Source: The Hindu Business Line

SBI LIFE MAKES LOSS IN Q1 ON RS 150-CR PROVISIONS

Mumbai: SBI Life Insurance Company Ltd has made provisions of Rs 150 crore for mark to market losses on its investment portfolio. The provisions have meant that the company has made a net loss in the first quarter.

Mr U.S. Roy, Managing Director and CEO, said, “An IRDA directive in March had asked companies to make provisions on diminution in assets but there has been no formula prescribed. We are following the method used by banks and are taking a conservative approach by making such prudential provisions,” he said.

The company, which has been profitable in the past two years has not disclosed the net loss made in the first quarter. SBI Life’s assets under management stand at Rs 11,727 crore. Mr Roy said that around Rs 4,000 crore was invested in equity and the depreciation was seen mainly in this portfolio.

SBI Life has, however, shown a sharp growth in new business premium. The new business annualised premium equivalent (APE), that takes single premium income at 10 per cent, has grown by 241 per cent to Rs 972 crore.

The contribution of ULIPs to the company’s portfolio has dropped to 54 per cent, from 70 per cent in March. Mr Roy said the company has been strategically pushing traditional products.



Source: The Hindu Business Line

INSURANCE FIRM ASKED TO PAY COMPENSATION

Hyderabad: The A.P. State Consumer Disputes Redressal Commission has rejected the repudiation of a policy-holder’s claim by a health insurance company and ordered it to pay compensation.

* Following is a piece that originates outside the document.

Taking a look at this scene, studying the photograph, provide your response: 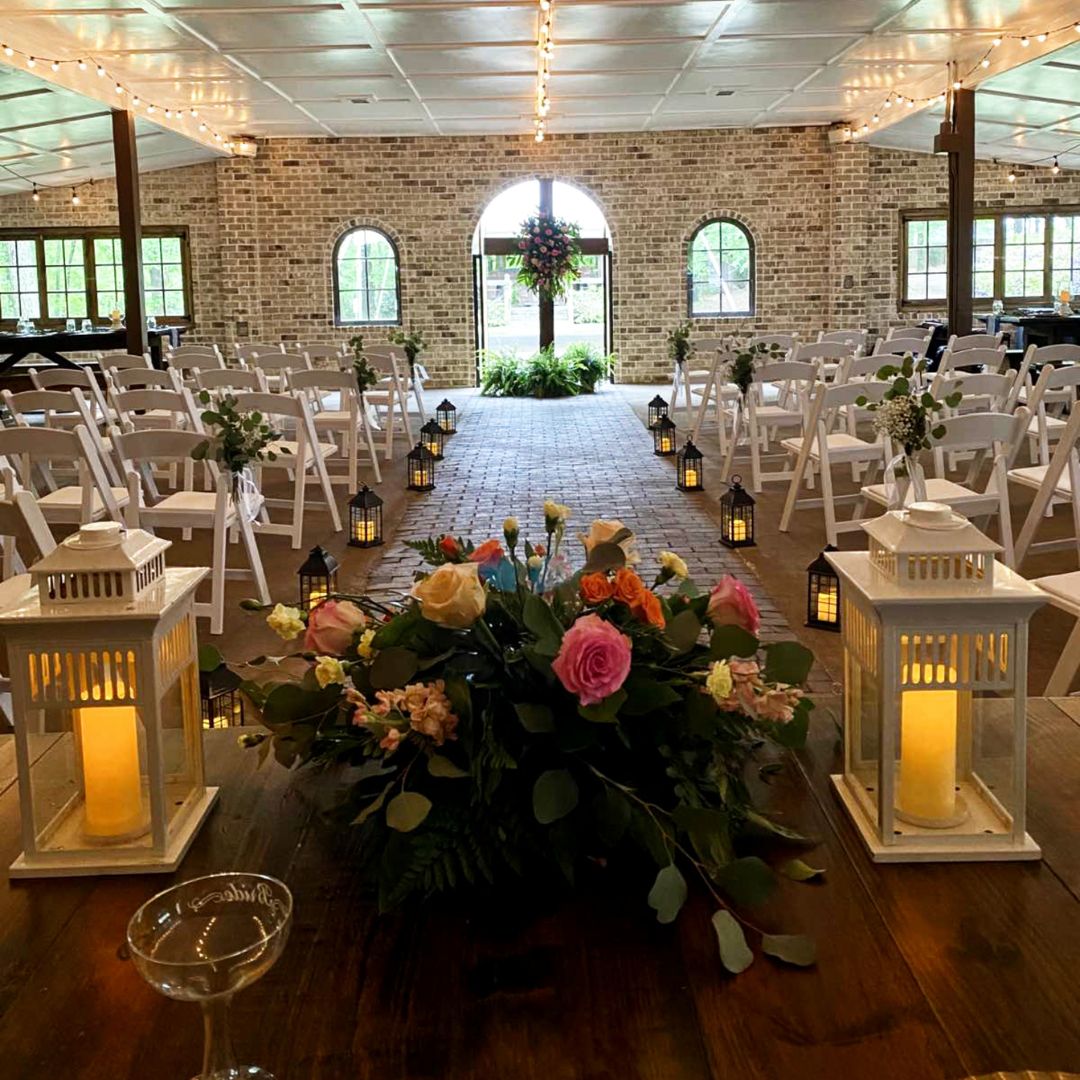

The commission disposed of the appeal by Royal Sundaram Alliance Insurance Company Ltd. and upheld the order by the Krishna District Consumer Forum towards reimbursement of the medical expenses incurred by B. Ramanadham, a policy holder. Mr. Ramanadham, a resident of Vijayawada, had taken Health Shield Insurance Policy and Hospital Cash Insurance Policy from Royal Sundaram Alliance.

Under these policies, he was entitled to full reimbursement of treatment expenses up to Rs.1 lakh apart from Rs.1,000 a day as inpatient treatment charges. Mr. Ramanadham visited the NRI General Hospital at Chinakakani in Guntur district in June 2007 with the complaint of a backache. He was admitted to inpatient ward of the hospital in August 2007 and discharged after 10 days.

Mr. Ramanadham filed a claim with the company for Rs. 10,525 towards daily treatment charges and Rs.14,725 for treatment expenses. The company agreed to pay only daily treatment charges and rejected the claim for treatment expenses saying that his backache was a pre-existing ailment. The policy holder challenged the company’s decision in the Krishna District Consumer Forum.

The District Forum gave a ruling in favour of Mr. Ramanadham in April by considering backache as a natural ache and not pre-existing aliment. Royal Sundaram opposed the Forum’s ruling and appealed in the State Forum for its reversal. However, the State Forum upheld the directive of the lower forum on July 7. It ordered the company to pay Rs.10,525 and Rs.14,725 respectively for inpatient and treatment charges with 9 per cent annual interest and costs of Rs.1,000 to the policy-holder.